Required action >> Give the listing again, word for word, and let no picture into it.
── Supplied material
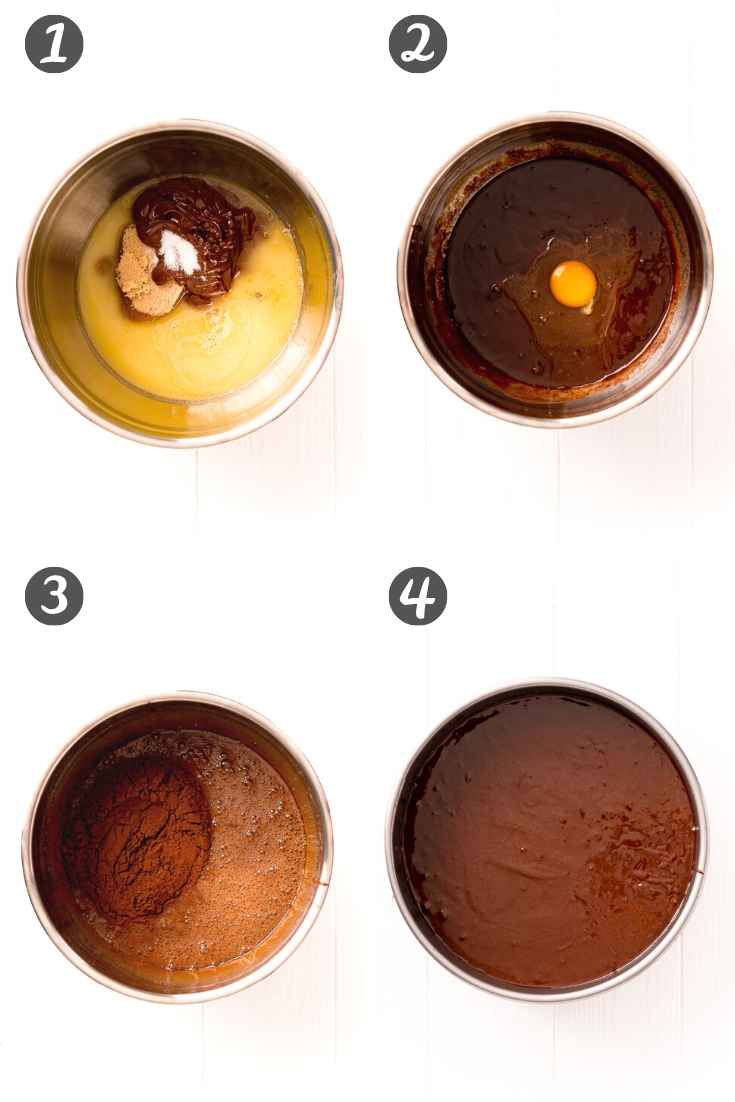 step by step photo collage showing how to make a flourless chocolate cake.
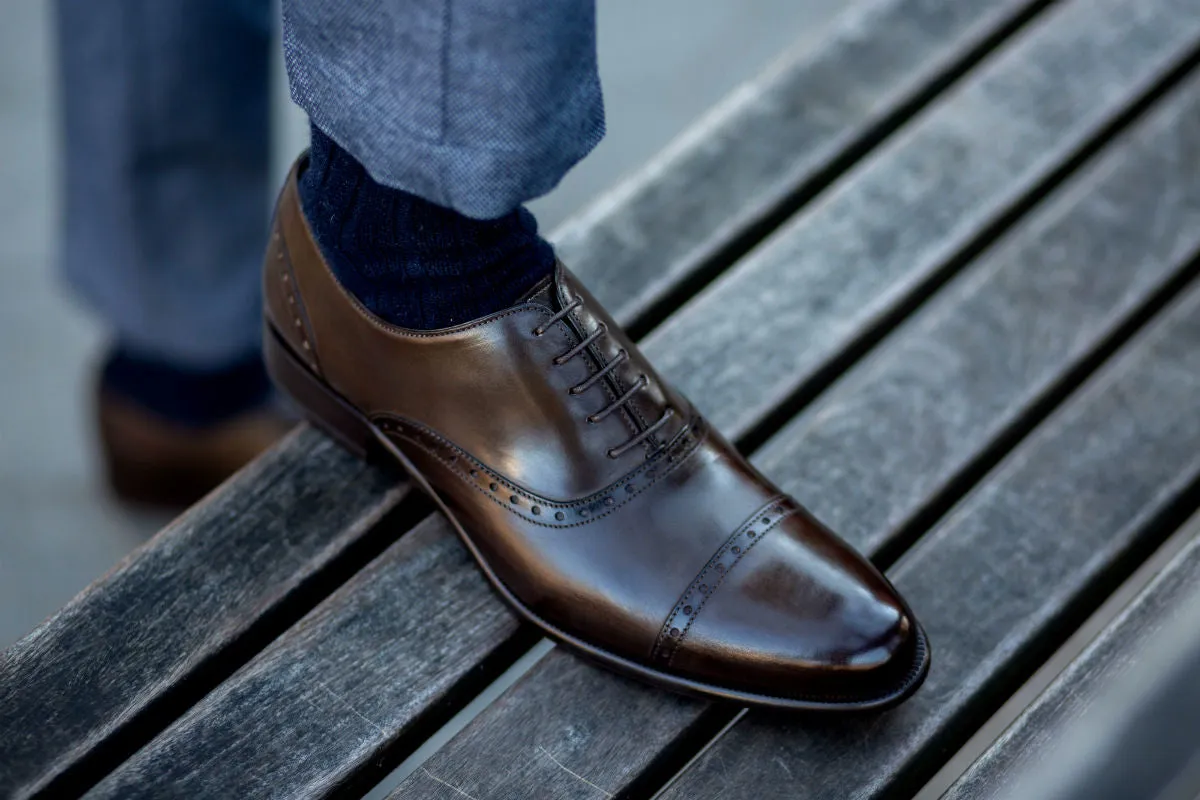 The Brando Semi-Brogue Oxford - Chocolate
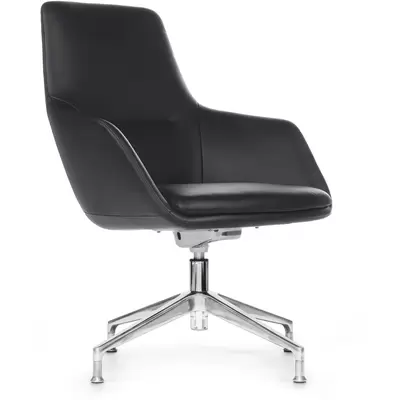 Кресло руководителя RV Design Soul-ST C1908 натуральная кожа, черное
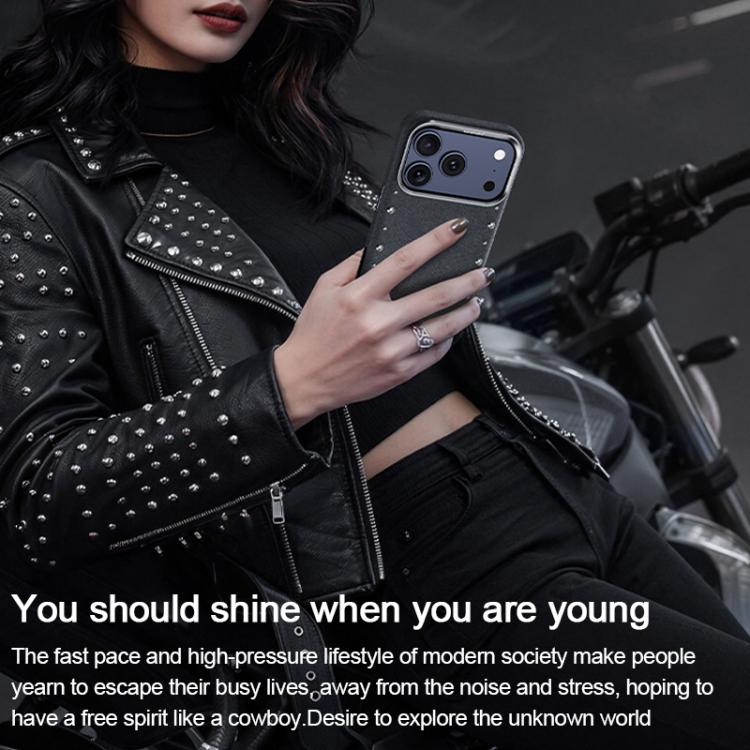 For iPhone 16 Pro Max Rivet Series Denim Texture Full Coverage Magnetic Phone Case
────
Answer section >>
 step by step photo collage showing how to make a flourless chocolate cake.
 The Brando Semi-Brogue Oxford - Chocolate
 Кресло руководителя RV Design Soul-ST C1908 натуральная кожа, черное
 For iPhone 16 Pro Max Rivet Series Denim Texture Full Coverage Magnetic Phone Case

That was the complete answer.